[INFORMATION PROVIDED]:
-- Opening Marker --

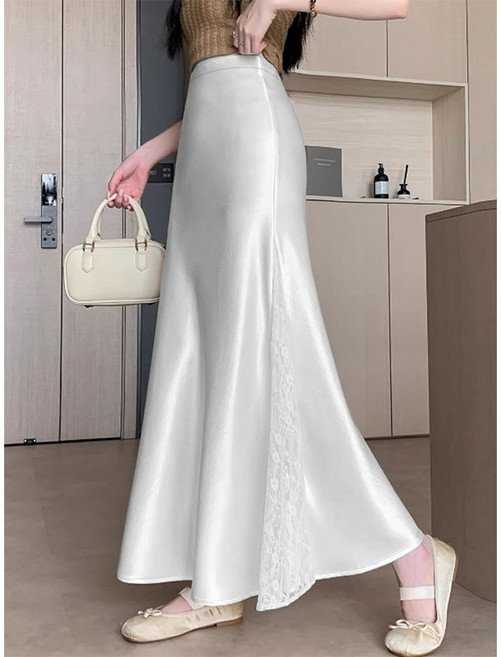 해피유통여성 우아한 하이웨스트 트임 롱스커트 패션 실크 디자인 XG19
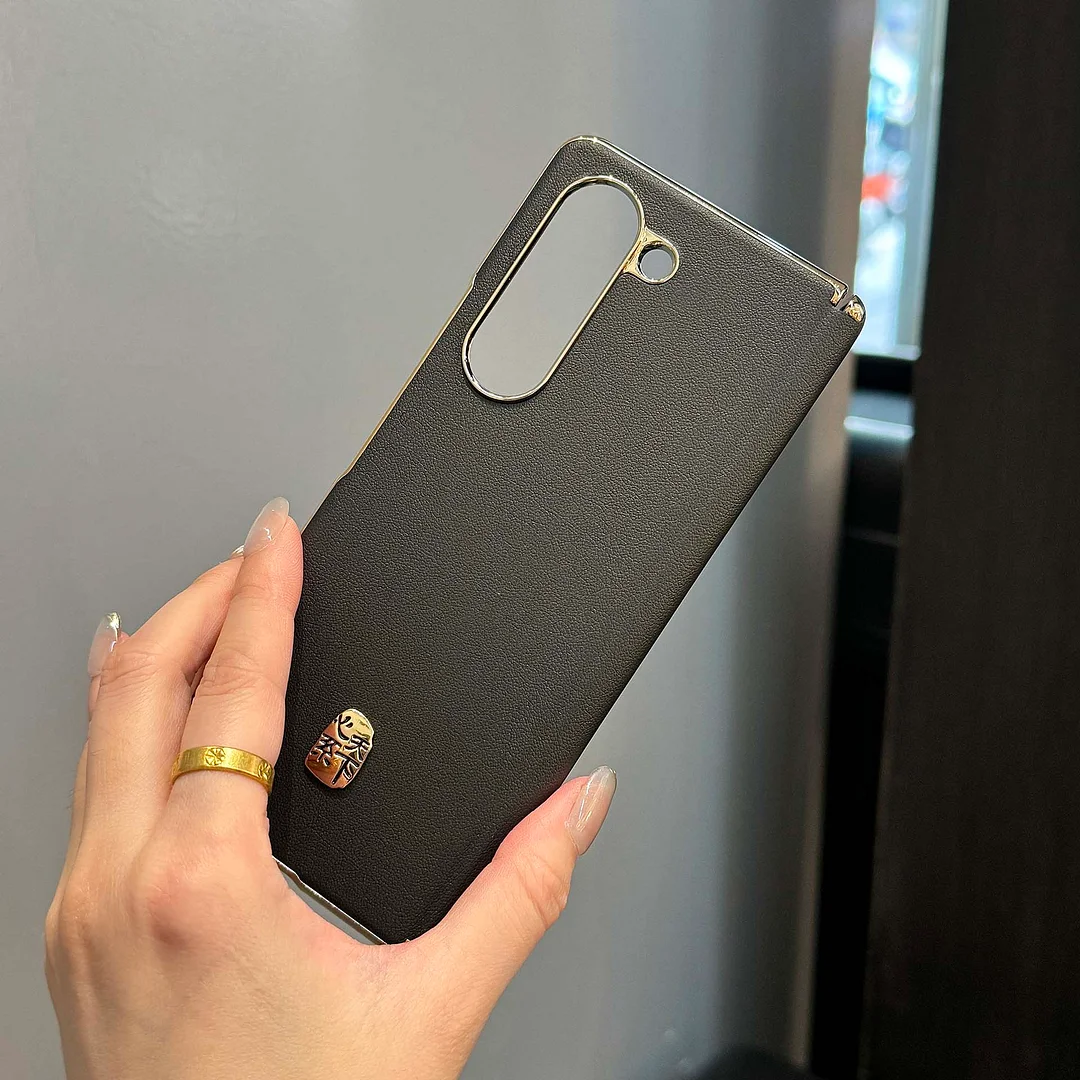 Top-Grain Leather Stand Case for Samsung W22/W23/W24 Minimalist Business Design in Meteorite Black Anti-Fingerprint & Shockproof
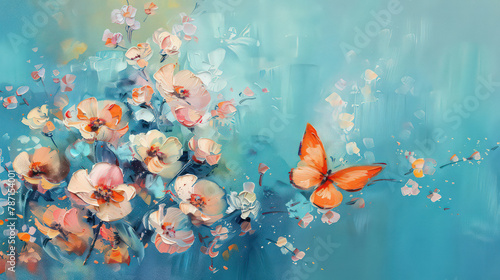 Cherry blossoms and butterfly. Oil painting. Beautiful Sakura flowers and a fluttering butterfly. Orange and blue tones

-- Closing Marker --

[WHAT THE TASK ASKS]:
Copy out the material word for word, without any images.

[ANSWER SPACE]:
 해피유통여성 우아한 하이웨스트 트임 롱스커트 패션 실크 디자인 XG19
 Top-Grain Leather Stand Case for Samsung W22/W23/W24 Minimalist Business Design in Meteorite Black Anti-Fingerprint & Shockproof
 Cherry blossoms and butterfly. Oil painting. Beautiful Sakura flowers and a fluttering butterfly. Orange and blue tones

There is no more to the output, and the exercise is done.